Un hombre joven, vecino del barrio Nueva Pompeya, perdió la mano a causa del estallido de un artefacto de pirotecnia.
El director del hospital José María Cullen, Dr. Darío Montenegro, dijo que la explosión de una bomba de estruendo dañó en un setenta por ciento la mano de la víctima.
Montenegro hizo notar que éste es el primer caso de lesiones causadas por manipulación de artefactos de pirotecnia, en la presente temporada, y el más grave, por el carácter de las heridas, en los últimos tiempos.
Anoche, una patrulla policial socorrió a Marcos Exequiel Pedriel en su domicilio de calle Lhemann al 2900 y, con la urgencia que su estado requería, lo llevó al encuentro de una ambulancia del Dipaes 107.
Los policías que acudieron al primer llamado de familiares y amigos del accidentado actuaron con la rapidez necesaria, como para evitar que el hombre se desangrara en el camino.
Luego, ya en la avenida Facundo Zuviría, Pedriel pasó a una unidad del servicio de emergencia, una ambulancia que pocos minutos más tarde ingresaría con él a shock room del nosocomio.

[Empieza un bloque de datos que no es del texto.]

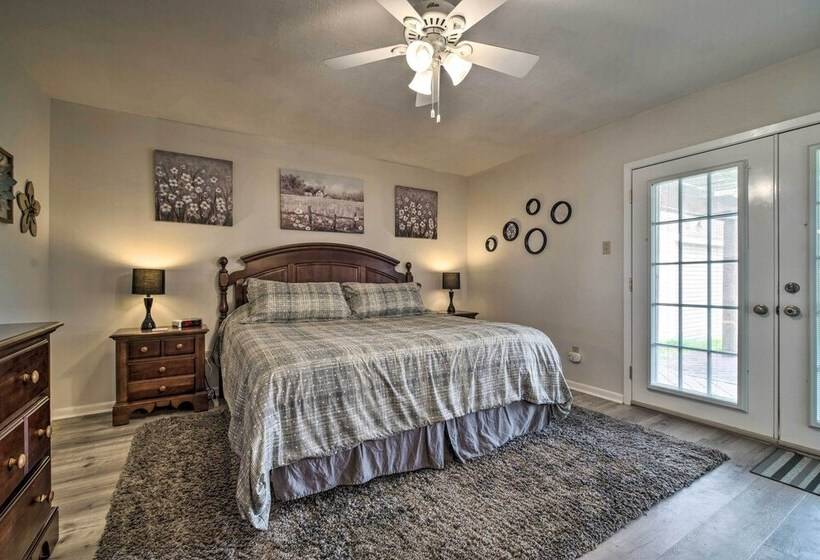 Bright College Station Abode: 3 Mi To Kyle Field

La URI informó que los agentes de la Comisaría de Distrito 26a. y agentes de la Agrupación Cuerpos fueron en auxilio del accidentado, a las 20.20, y agregaron que la guardia policial del nosocomio lo hizo a las 20.40.
"Ingresó, y sin demoras pasó a quirófano", dijo el director del hospital Cullen. El Dr. Montenegro agregó que Pedriel podría ser derivado esta tarde a la Sala de Quemados.
Esto ocurrió ayer en nuestra ciudad, cuando la policía del departamento La Capital comienza a intensificar los controles de rutina para evitar la comercialización de los artefactos de pirotecnia que no se ajustan a las reglamentaciones vigentes.
Las inspecciones a cargo de los agentes de la Brigada de Explosivos de la Unidad Regional I se practican en espacios públicos y locales comerciales, cuyos depósitos deben ser los adecuados para el almacenamiento de dichos elementos.
José Luis Pagés
Respecto del estallido de una bomba de estruendo que destrozó la mano derecha de un joven vecino de nuestra ciudad dijo el Jefe de la URI, comisario Juan Faustino Ruíz, que el suceso -por sus consecuencias- fue el más grave en su tipo, en lo que va del año.
"Es el más grave en el país", enfatizó el funcionario quien dijo haber chequeado su información con la de sus pares provincias vecinas como Buenos Aires y Córdoba.
La gravedad de lo ocurrido con sus lamentables consecuencias para un joven de 21 años hizo decir a Ruíz que ante la proximidad de las fiestas se deben extremar los cuidados y aseguró que por tal motivo a los controles de pirotecnia que realizan los funcionarios municipales, se agregan las inspecciones policiales.
Ruíz hizo notar que en los últimos tiempos ha descendido el número de menores heridos por manipulación de pirotecnia, pero por contrapartida, paradójicamente, aumentó el de heridos mayores.
"Quiero decir -dijo Ruíz-, que los padres y personas mayores de la familia tampoco deben actuar negligentemente con artefactos peligrosos, cuya manipulación no permiten a los niños".